Work order:
Pictures in the data should be dropped; transcribe exactly the lines from the one that has "HAND SIGNED VTG" through the one that has "Gefalteter Select Bettdeckenbezug".

Dataset:
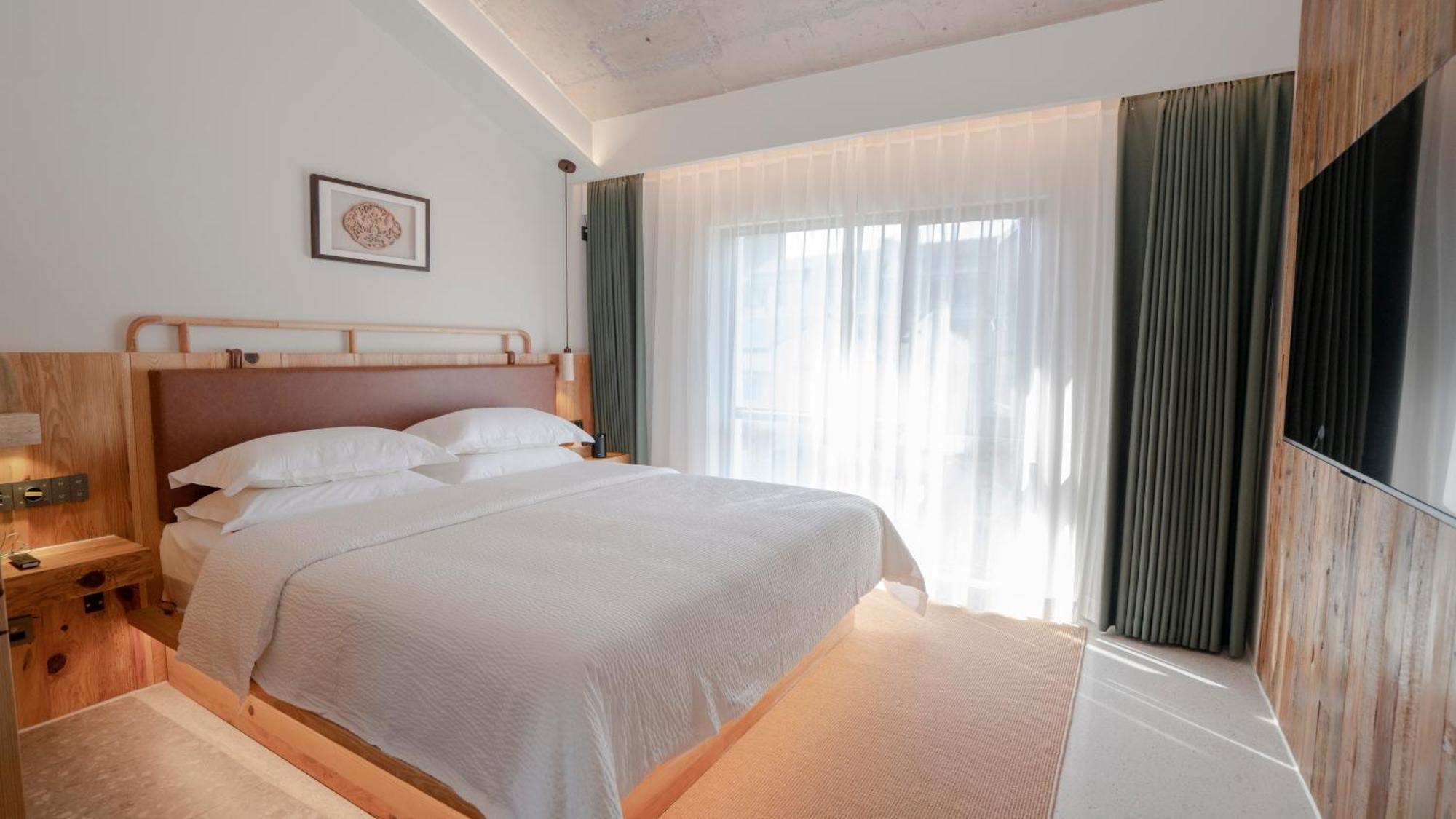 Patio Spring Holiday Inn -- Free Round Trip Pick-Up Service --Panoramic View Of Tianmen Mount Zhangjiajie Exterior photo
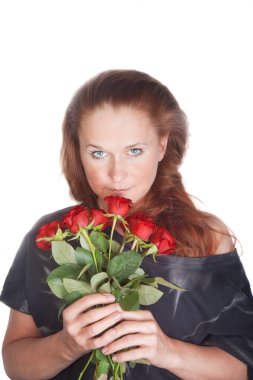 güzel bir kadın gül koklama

--

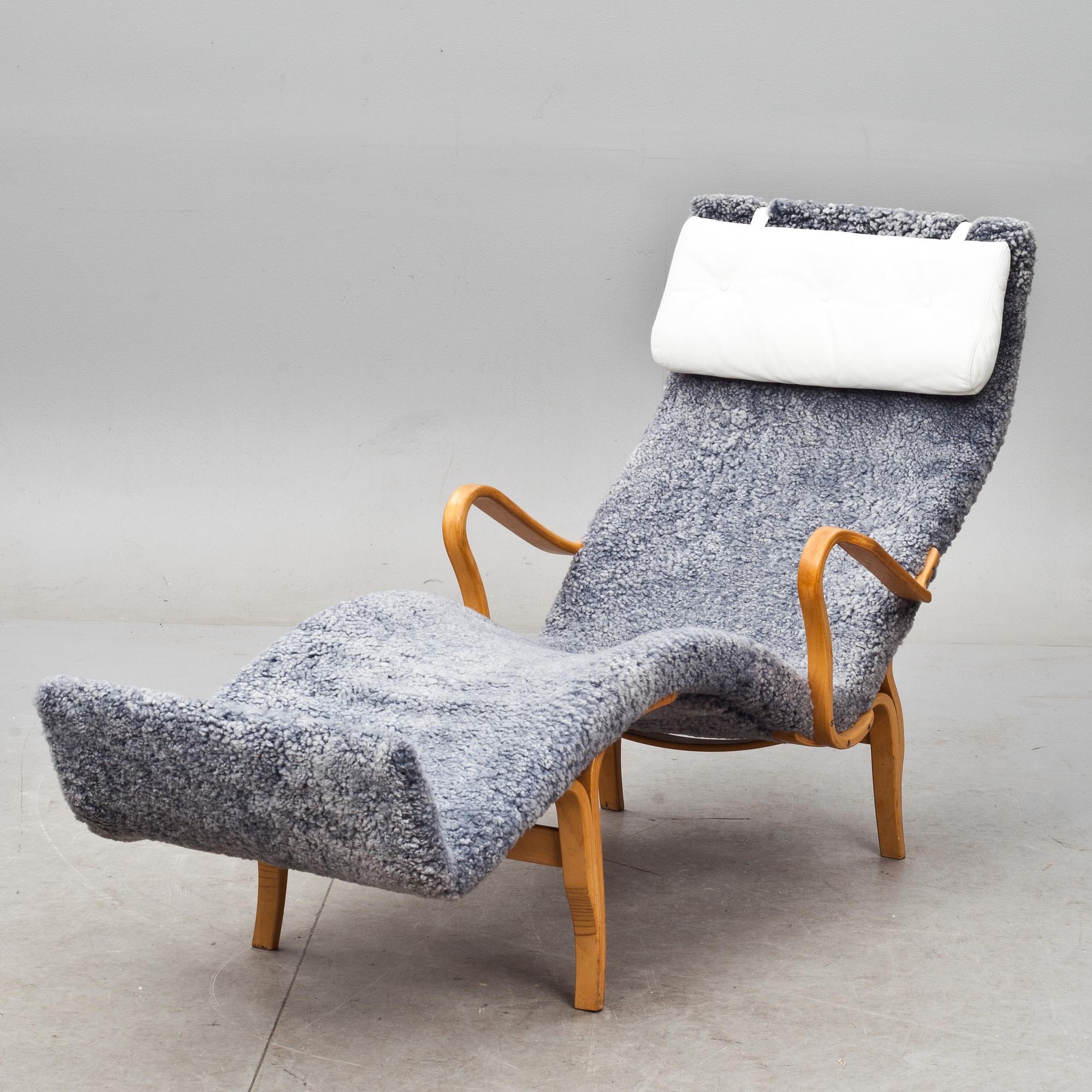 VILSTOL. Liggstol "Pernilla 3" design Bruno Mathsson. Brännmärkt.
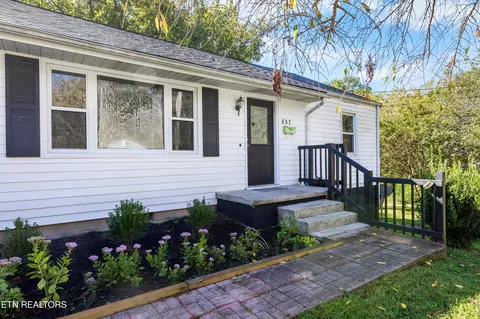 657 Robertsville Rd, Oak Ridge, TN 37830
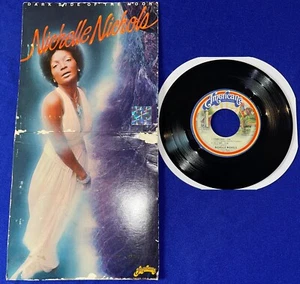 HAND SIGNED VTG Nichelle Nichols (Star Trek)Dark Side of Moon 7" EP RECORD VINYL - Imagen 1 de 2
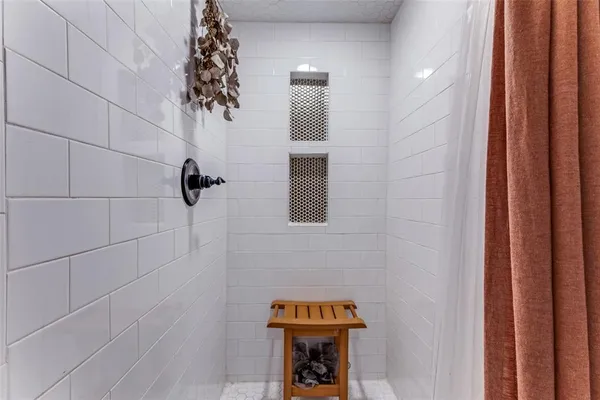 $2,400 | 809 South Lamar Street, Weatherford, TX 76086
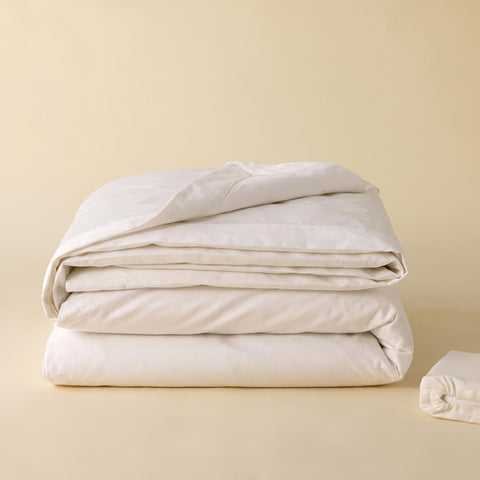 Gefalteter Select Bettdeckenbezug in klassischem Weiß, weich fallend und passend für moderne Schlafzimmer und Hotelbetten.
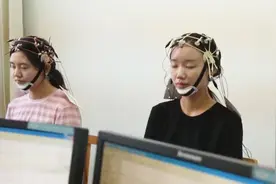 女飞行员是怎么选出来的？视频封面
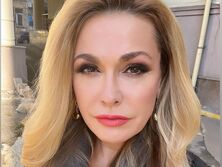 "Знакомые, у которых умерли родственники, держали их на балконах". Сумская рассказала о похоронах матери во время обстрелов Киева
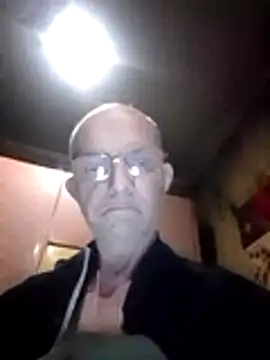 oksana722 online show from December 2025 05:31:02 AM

Exercise result:
 HAND SIGNED VTG Nichelle Nichols (Star Trek)Dark Side of Moon 7" EP RECORD VINYL - Imagen 1 de 2
 $2,400 | 809 South Lamar Street, Weatherford, TX 76086
 Gefalteter Select Bettdeckenbezug in klassischem Weiß, weich fallend und passend für moderne Schlafzimmer und Hotelbetten.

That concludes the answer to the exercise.